Discussion and future work
While the proposed BEPCD framework demonstrates state-of-the-art performance in attack type detection accuracy. It exhibits inherent limitations in detecting replay attacks and fails to localize the source ECU of intrusions. These deficiencies stem from two fundamental constraints: (1) Proposed temporal feature extraction mechanisms have captured subtle temporal differences in replay attack identification but still have room for improvement.; (2) The framework lacks cross-layer correlation analysis between CAN protocol semantics and physical ECU behaviors. (3) The proposed framework still has deficiencies in model complexity and inference latency.
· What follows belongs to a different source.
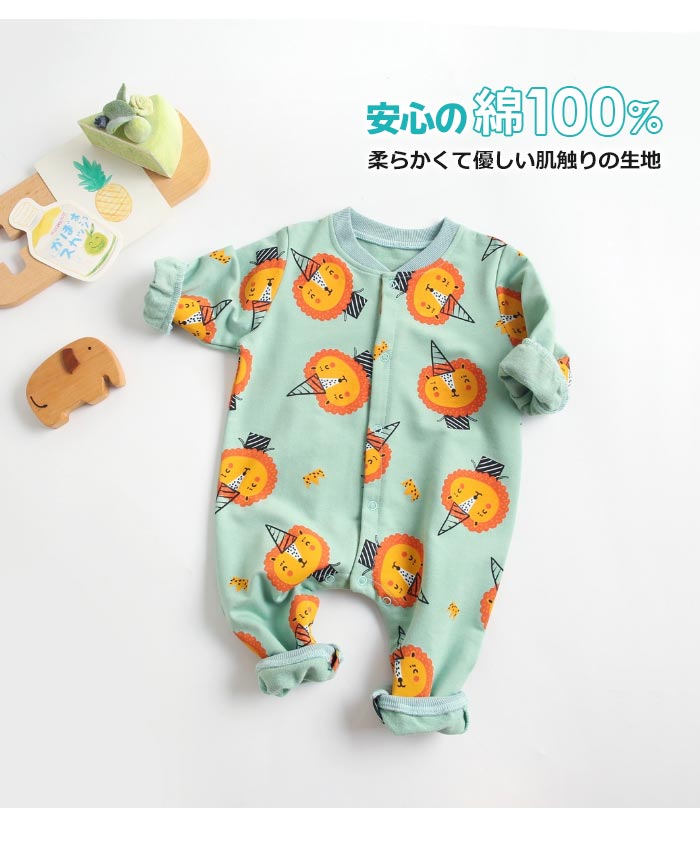 ベビー ロンパース 服 カバーオール ロンパース 秋冬 90 防寒 可 女の子暖かい新生児 新生児 男の子 ツーウェイオール 柔らかい 3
While the BEPCD framework advances CAN bus intrusion detection, future research will focus on enhancing replay attack sensitivity through adaptive temporal pattern mining techniques such as dynamic time warping (DTW) or temporal convolutional networks (TCNs), aiming to close the remaining performance gap. To enable precise attack source localization, we plan to integrate ECU hardware fingerprints (e.g., clock skew, signal jitter) with protocol-layer features, establishing a multi-granularity detection architecture that correlates physical-layer anomalies with semantic-level deviations. Additionally, cross-layer analysis will be extended to incorporate CAN bus physical signal characteristics (e.g., voltage fluctuations), enriching feature representations for stealthy attack identification. To address computational efficiency, lightweight strategies like knowledge distillation and model pruning will be explored to further reduce parameter counts and MAC operations, ensuring compatibility with resource-constrained automotive systems. Finally, end-to-end pipeline optimization will prioritize real-time performance, streamlining feature extraction and inference processes to meet stringent vehicular latency requirements.
Conclusions
This study has developed an ensemble based vehicular controller area network bus intrusion detection framework. First, we have proposed a 15-dimensional feature model that integrates temporal-contextual dependencies (e.g., preceding/succeeding message IDs, localized time intervals) and protocol-specific granularity (split payloads into eight dimensions). Validated via Lasso regression and SHAP analysis, this model reveals CAN ID dominance in DoS detection (SHAP = 0.48) and temporal feature sensitivity for replay attacks (SHAP = 0.4), addressing the fragmented feature engineering limitations of prior works. Second, our dynamic ensemble strategy combines Pioneer class selection and confidence-driven voting, enabling adaptive model specialization for distinct attack types. This approach not only achieves 1–5% higher overall F1-scores but also delivers a breakthrough in replay attack detection (F1 = 77.12%, 77.5% improvement) by uniquely leveraging temporal-contextual features to expose disrupted message periodicity—a paradigm shift from payload-centric methods. In the end, rigorous evaluation confirms the framework’s lightweight design (0.15 M parameters, 7.68 M MACs) and compatibility with automotive-grade hardware (e.g., NVIDIA Thor), while SHAP-based interpretability bridges transparency gaps. These innovations have rendered BEPCD an efficient and interpretable solution, demonstrating superior performance in intrusion detection.